(no title)

Yes, you would still have people connect to the bastion if they're on the VPN; part of the point of a bastion is to have a central place to monitor and control SSH access, which a VPN doesn't really do for you. Additionally, you will inevitably end up with team members who need access to the VPN (to reach staging and test versions of your applications, or to access customer support consoles) but don't get SSH access; a bastion gives you a standard configuration to apply to your fleet to ensure that "on the VPN" doesn't ever equate to "can log into a server".

You should generally do both things.

Wait, I should word that better.

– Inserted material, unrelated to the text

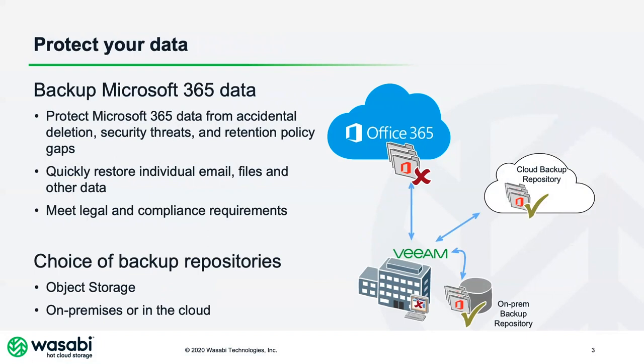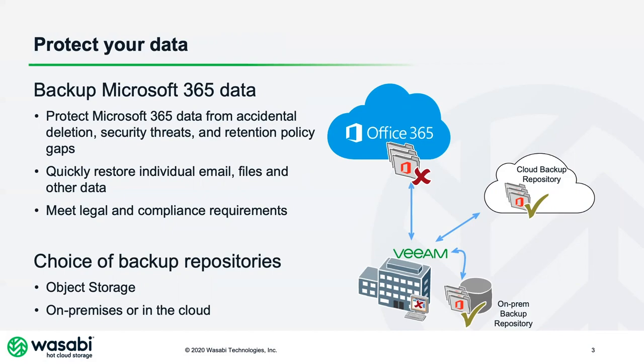So people that want to protect their 365 data from accidental deletions, for legal or compliance reasons, or to protect themselves from malware, viruses, or ransomware are using backup solutions like Veeam's Backup for Office 365. I'm a big fan of VBO. It's been around since 2016, it's been installed by about a hundred thousand businesses worldwide, and it protects about 10 million mailboxes. Veeam has a lot of experience with backing up Office 365, and one of the reasons I like it most is because it gives users the option of using object storage as their backup repository.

You should generally have both sets of controls: network access control with a VPN, and fine-grained, auditable SSH-level access control. I don't love the "Linux shell server" approach to providing those SSH controls.

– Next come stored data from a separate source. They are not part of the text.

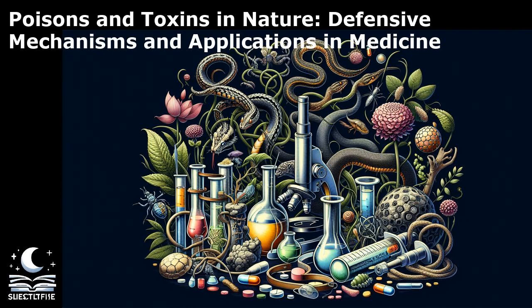Cyanogenic glycosides, when ingested, release hydrogen cyanide, a deadly poison that interferes with cellular respiration. The diversity of poisons and toxins in nature is staggering, with each type posing unique challenges and risks to living organisms. Understanding the properties and effects of these toxins is crucial for both scientific research and medical applications.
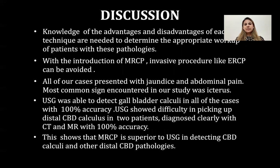Knowledge of the advantages and disadvantages of each technique is needed to determine the appropriate workup of patients. With the introduction of MRCP, invasive procedures like ERCP can be avoided. All cases presented with jaundice and abdominal pain; the most common sign encountered was icterus. USG was able to detect gallbladder calculi in all cases with 100% accuracy; however, USG showed difficulty in picking up distal CBD calculi in two patients, which were diagnosed with 100% accuracy on CT and MRI. This shows that MRCP is superior to USG in detecting CBD calculi and other distal CBD pathologies.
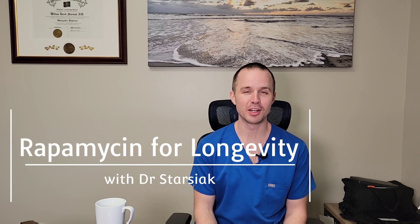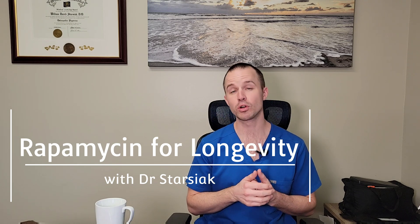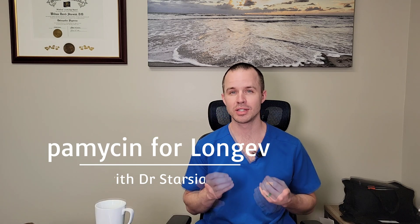Hi, I'm Dr. William Starzyak, and in this video I'm going to talk about rapamycin, or more commonly known as sirolimus. This is a medication that was discovered in a soil bacteria from a soil sample found on Easter Island.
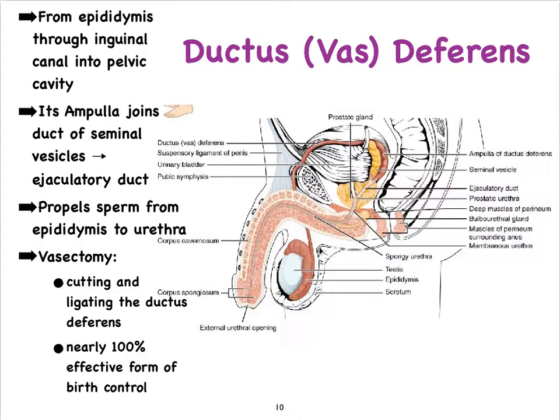Because the vas deferens is outside of the body for a stretch, it's possible to either cut it or obstruct it by putting a loop around it. There are various ways of doing this to prevent sperm cells from ever reaching the penis, and of course that is what we refer to as a vasectomy, which is a very efficient and effective method of birth control.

I run an "internal" set of bastion hosts that are gateways into a system that runs telnet. This internal system is able to run SSH, but connections stop around 100 because of OS limits. We need to support 400-500 logins, and that has to be telnet. Everybody connecting has to go through these bastions, including VPN users.

I recently built an nspawn container with tinysshd server, with a .profile that execs telnet to the relevant system on login.

We had previously used an old version of Microfocus Reflections (terminal emulation) with stunnels deployed on all the clients and bastions. That was not containerized, but the server stunnels were set to chroot() on startup.

I recently was forced to support the latest version of Reflections, and since it doesn't support chacha-poly, I also built dropbear SSH server just for them. Reflections is very expensive (~$500/seat), and the best that it supports is aes256-ctr, using Tatu Ylonen's commercial ssh.com (which appears to be abandonware). I really hope we can get rid of that.